Ductal Stent outcomes
Fifty-one participants underwent DS during the ten-year study period (23 in the SV group and 28 in the BiV group). From September 2012 to December 2016, 8 DS procedures were undertaken whereas from January 2017 to August 2022, 43 participants had a DS. Pre-procedure assessment and procedural details of DS are outlined in Supplementary Table 1. There was no difference in the mean Stent diameter between SV and BiV participants (4.2±0.37 mm and 4.2±0.46 mm; p = 0.82). Baseline characteristics of DS patients who underwent SV versus BiV palliation were similar except those stratified to a BiV pathway were more likely to have pulmonary atresia with a ventricular septal defect or Tetralogy of Fallot (Table 1).
Table 1
Baseline characteristics for ductal stent participants (according to intended single or biventricular destination) and by type of palliative procedure.

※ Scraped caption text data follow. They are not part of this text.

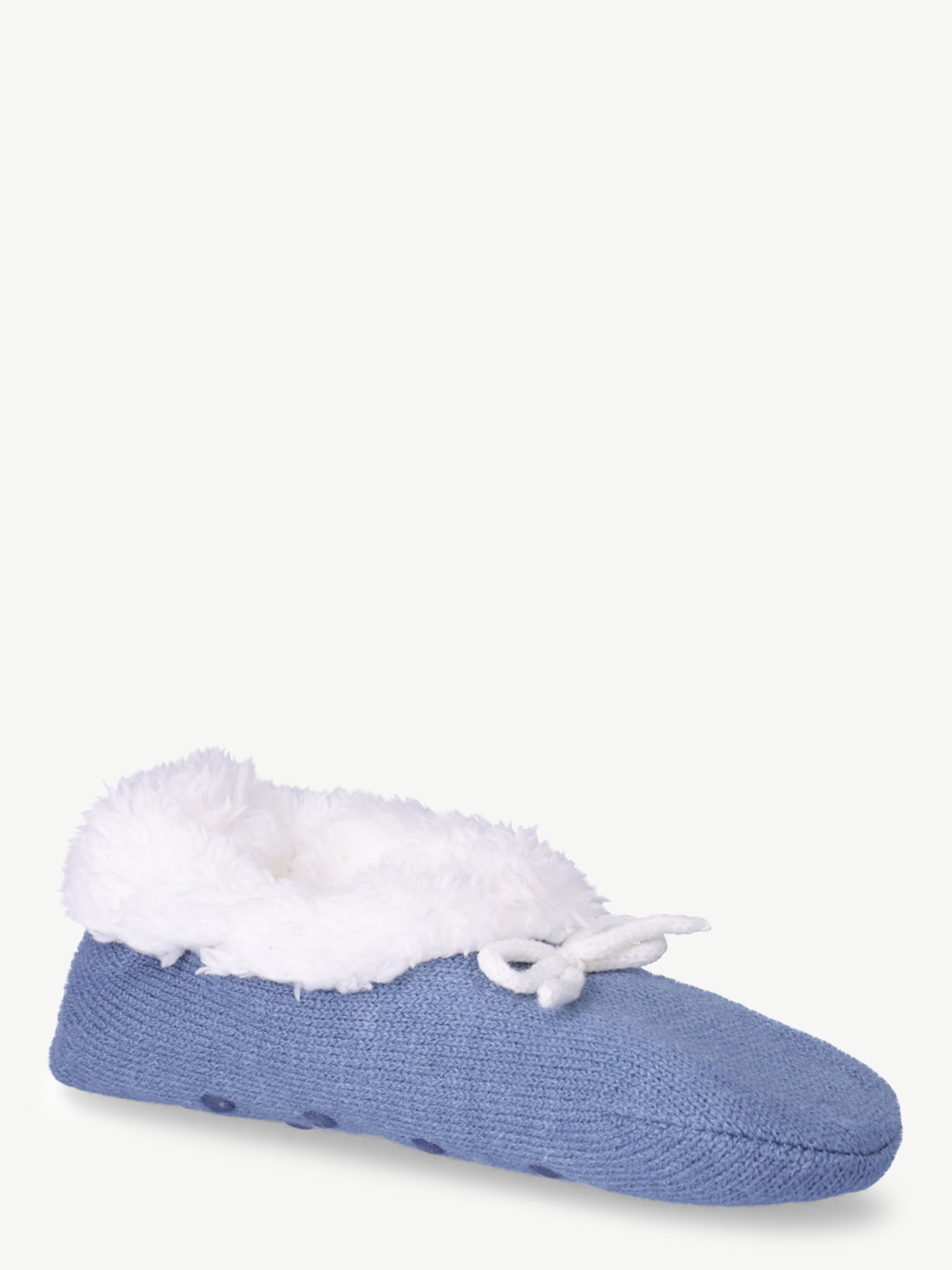 Joyspun Women's Knit Slipper Socks, 2-Pack, Size 4-10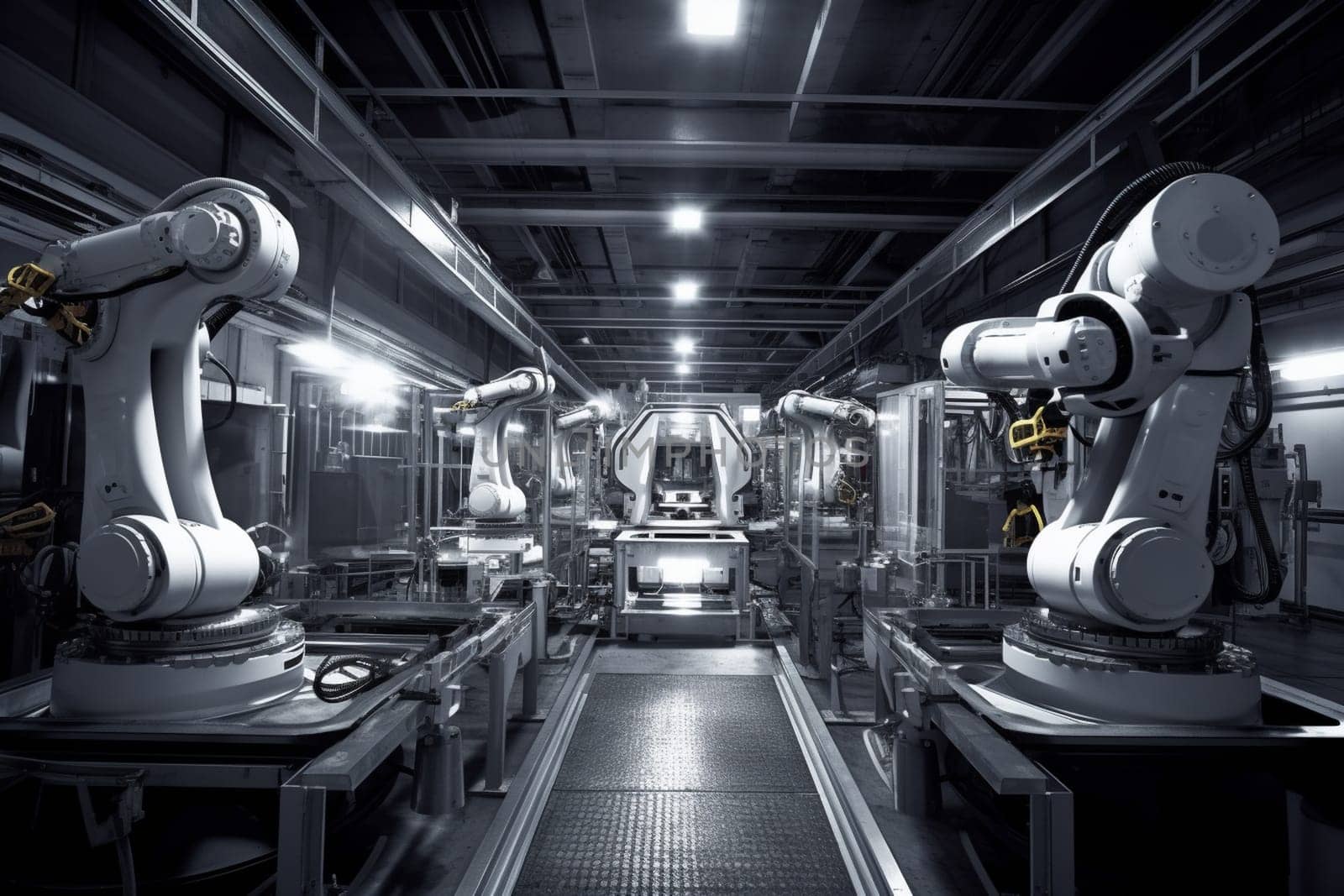 In a highly advanced and efficient manufacturing plant, robots work tirelessly to produce cutting-edge technology. The futuristic environment is meticulously organized and optimized for maximum productivity and efficiency, while maintaining the highest standards of quality. (generative AI)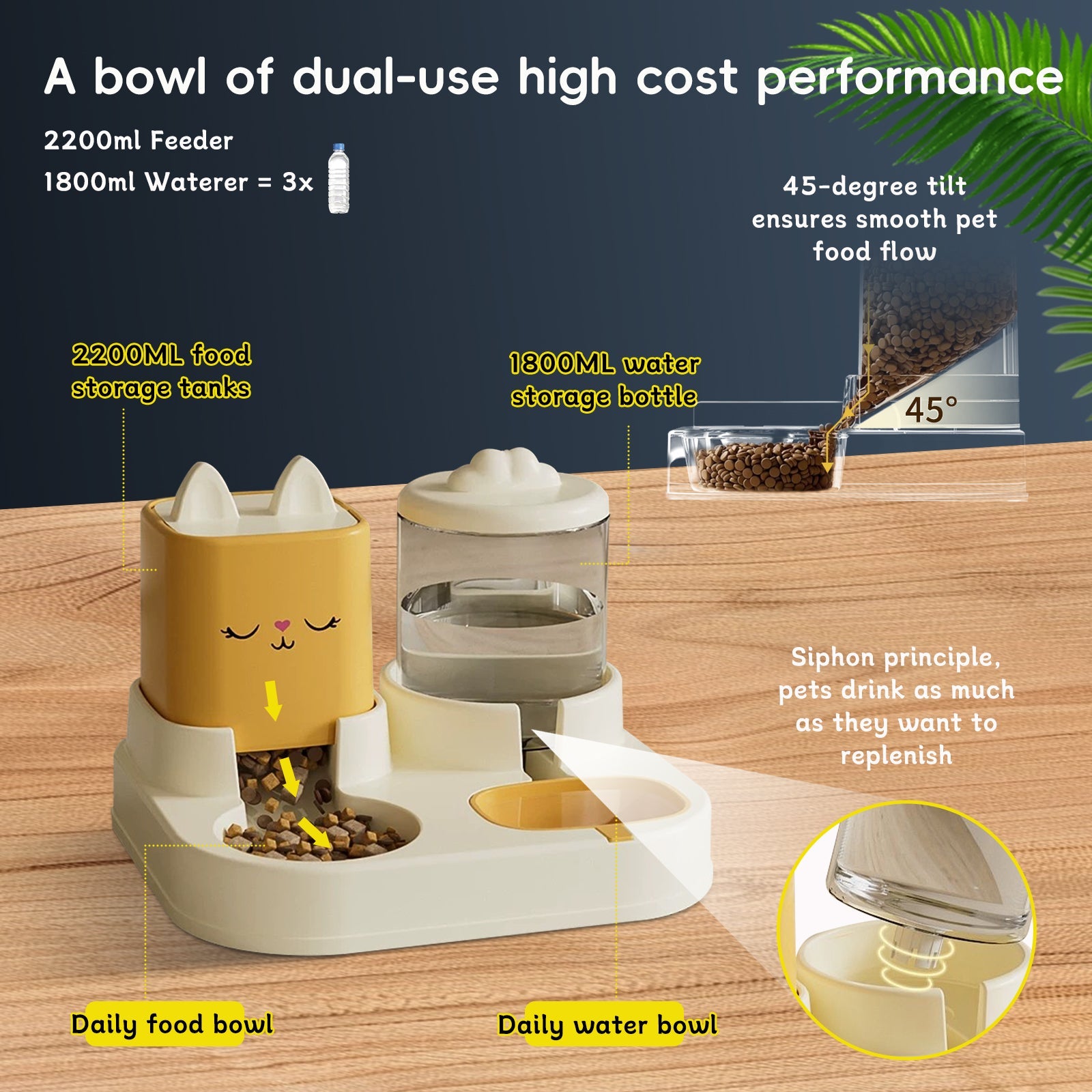 KFX-8553533 Pet Feeding and Drinking Device with Dry and Wet Separation and Automatic Water Addition for Cats and Dogs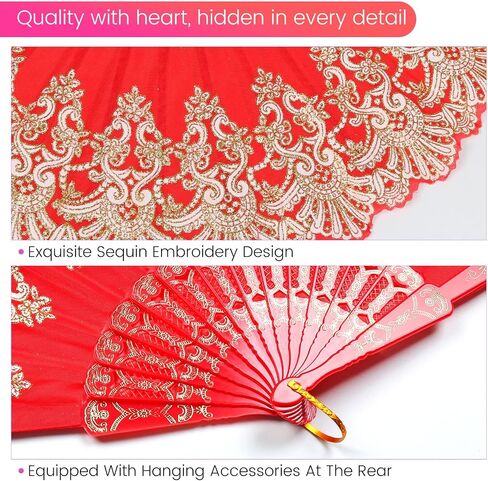 InnoLife Spanish Porto Retro Pattern Hand Fan for Women ، Fan Hand Fan Than الصينية المحمولة للرقص لحفلات الزفاف والزخارف المنزلية (أحمر) in Kuwait
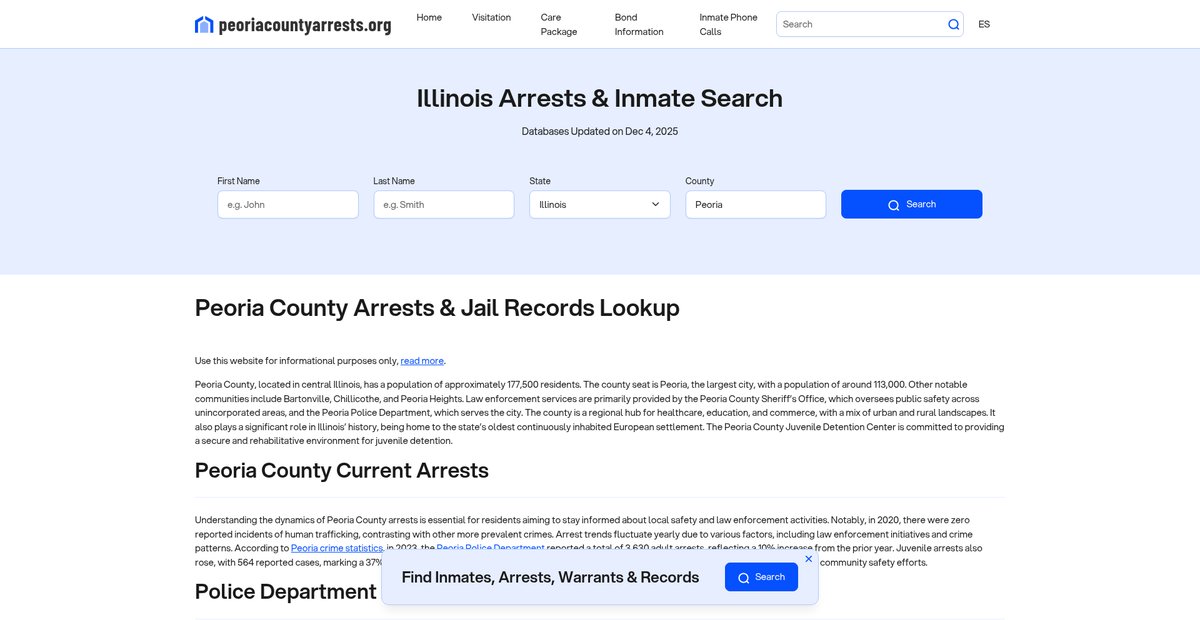 Preview of peoriacountyarrests.org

| Ductal stent participants | Type of palliative procedure |
Intended single ventricle pathway | Intended biventricular pathway | p-value | Ductal stent | BTT shunt | p-value |
Total number | 23 | 28 | | 51 | 86 | |
Male (%) | 8 (34.7%) | 8 (28.6%) | 0.764 | 16 (31.4%) | 40 (46.5%) | 0.118 |
Gestational age (weeks), mean (SD) | 38.1 (2.0) | 38.1 (1.7) | 0.964 | 38.1 (1.8) | 37.9 (2.1) | 0.499 |
Prematurity (≤ 36 weeks, %) | 3 (13.0%) | 4 (14.3%) | 0.687 | 7 (13.7%) | 13 (15.1%) | 0.999 |
Birth weight (kg), mean (SD) | 3.22 (0.57) | 3.02 (0.59) | 0.235 | 3.11 (0.58) | 2.86 (0.64) | 0.022 |
Chromosome abnormality or syndrome (%) | 1 (4.3%) | 4 (14.3%) | 0.162 | 5 (9.8%) | 16 (18.6%) | 0.418 |
Age (days) at procedure, mean (SD) | 13.3 (18.3) | 10.9 (17.4) | 0.637 | 12.0 (17.7) | 15.1 (21.8) | 0.374 |
Weight (g) at procedure, mean (SD) | 3395.2 (571.4) | 3175.5 (559.4) | 0.173 | 3274.6 (570.0) | 2947.7 (744.1) | 0.008 |
Anatomy (N,%) | | | < 0.001 | | | 0.008 |
PA/VSD | 0 (0%) | 16 (57.1%) | | 16 (31.4%) | 22 (26.2%) | |
PA/IVS | 6 (26.1%) | 2 (7.1%) | | 8 (15.7%) | 19 (22.6%) | |
Tetralogy or PS/VSD | 0 (0%) | 7 (25.0%) | | 7 (13.7%) | 18 (21.4%) | |
PS/IVS | 5 (21.7%) | 2 (7.1%) | | 7 (13.7%) | 0 (0%) | |
Other | 12 (52.2%) | 1 (3.6%) | | 13 (25.5%) | 25 (29.8%) | |
Intention of 1V versus 2V (%:%) | | | | 23 (45.1%): 28 (54.9%) | 44 (51.1%): 42 (48.9%) | 0.596 |
PA = pulmonary atresia; IVS = intact ventricular septum; VSD = ventricular septal defect; 1V = single ventricle pathway; 2V = biventricular pathway |
The outcomes for DS participants based on intended SV or BiV pathway are outlined in Table 2. After ductal stenting, there was a significantly higher all-cause mortality rate in the SV group compared with BiV group (4/23 versus 0/28, all within 30 days of the intervention). There was no difference in the rates of procedural failure, ICU or hospital LOS, un-planned or planned re-intervention between the DS groups.
Table 2
Outcomes for ductal stent participants related to intended single or biventricular pathway.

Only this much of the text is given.